Estimate an indicator variable within a linear regression


#1

I am estimating a linear model, where I want to estimate the threshold value for an indicator variable together with the normal selection coefficients.

I have the following model in Stan:

data {
  int N; // no observastions
  
  // Covariates
  real x1[N];
  real x2[N];
  
  // Count outcome
  real y[N];
}

parameters {
  real betas[3];
  real <lower=0> gamma;
  real <lower=0> sigma;
}

model {
  real mu[N];
  
  // Likelihood 
  for (i in 1:N) {
    mu[i] = betas[1] + betas[2] * x1[i] + betas[3] * (x2[i] < gamma);
  }
  y ~ normal(mu, sigma);
}

Where gamma is the the threshold to classify x2 into 0 and 1. I have two questions:

  1. Is this the right way to specify my problem in Stan? If I run the model on simulated data, I can recover the correct parameter values.
  2. Are there any tricks I could use to speed up computation?

#2

No, because it is not differentiable with respect to betas[3] when x2[i] > gamma

Doesn’t matter until you write down a differentiable model so that Stan can sample from without warnings.

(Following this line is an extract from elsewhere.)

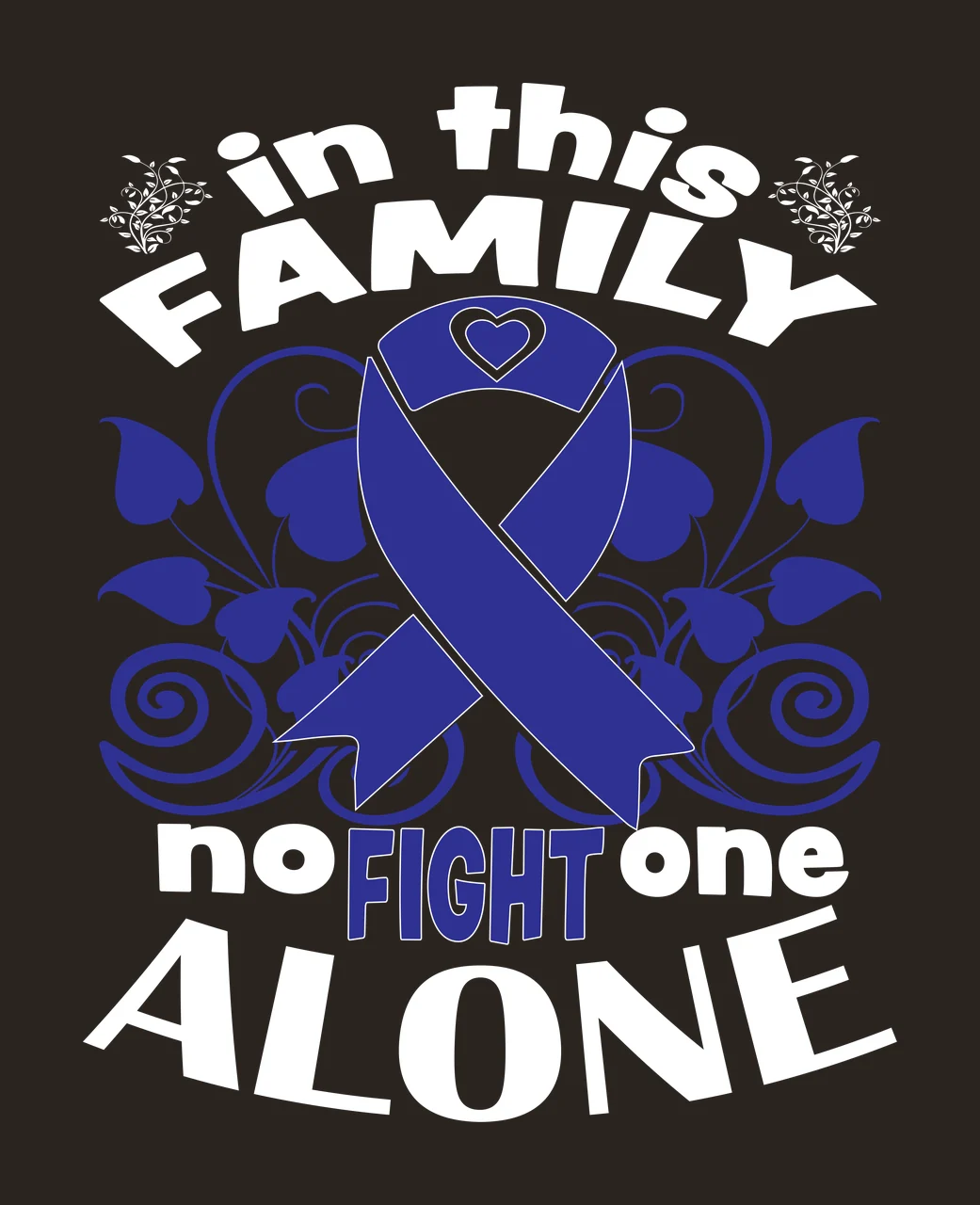 In This Family No Fight One Alone ribbon supporting heart swirls contrast preview thumbnail
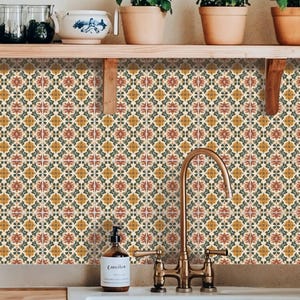 Vintage boerderijpatroon, tegelsticker peel & stick, spatwand keuken badkamer, verwijderbare stickers, DIY-vinyl decoratie huurders - PARTIJ VAN 12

It is hard to think of data-generating processes where x2 has no influence on y until it reaches gamma and then is linear. But if you were going to estimate a model such as this, you will need an informative prior on gamma and presumably the other parameters as well. Then you can write your model as a two component mixture where the mixing weight is the probability that x2[i] < gamma under some CDF for x2. Something like

model {
  vector[N] eta = betas[1] * betas[2] * x1; // need to make x1 a vector first
  for (i in 1:N) {
    real theta = foo_cdf(gamma | ...);
    target += log_mix(theta, normal_lpdf(y[i] | eta[i] + betas[3] * x2[i], sigma),
                             normal_lpdf(y[i] | eta[i], sigma));
  }
  // priors
}

#3

Many thanks for your suggestions, I am still having a hard time understanding and adjusting the line

real theta = foo_cdf(gamma | ...);

Are you ware of any papers/tutorials/examples I could refer to?


#4

It is just whatever CDF you choose from the distribution of x2.


#5

I have been trying to a lot and also extended to model to the following:

y = b[1] * x1 + b[2] * (x1 * (x2 < gamma))

I want to estimate b[1],b[2] and gamma. Is it also possible to reformulate this model within a mixture model?

I implemented the model as it is in Stan and got unbiased parameter estimates for some data and convergence problems (i.e., Rhat values > 1.2) for other data sets. As I understood your previous replies to my questions, that model is unidentifiable and I am having a hard time to reformulate it.

Any hints would be greatly appreciated.


#6

You have to start with a generative model that can simulate the data and from there, it should be clearer how to formulate a mixture model to estimate the parameters given wild data. It is going to depend a lot on how gamma is generated.


#7

My idea is to use gamma to differentiate between two hidden states that can be derived from x2. A simple model to generate data in R could look like this:

n <- 100
x1 <- runif(n)
x2 <- runif(n)
b <- c(1, -2)
gamma <- 0.5
sig <- 0.2

mu <- b[1] * x1 + b[2] * (x1 * (x2 < gamma))
y <- rnorm(100, mu, sig)

#8

That is not a generative model or at least not the generative model that your Stan code estimates the parameters of. What distributions are the parameters drawn from?


#10

It’s a problem for Stan that d/d.gamma (x2[i] < gamma) isn’t continuous. It effectively cuts information flow back to gamma because small changes in gamma don’t affect the posterior until you get near each x2[i], at which point you get a step function.

In the best scenario, Stan will produce a random walk for gamma.

As Ben points out, it’s probably better to think through a continous generative model.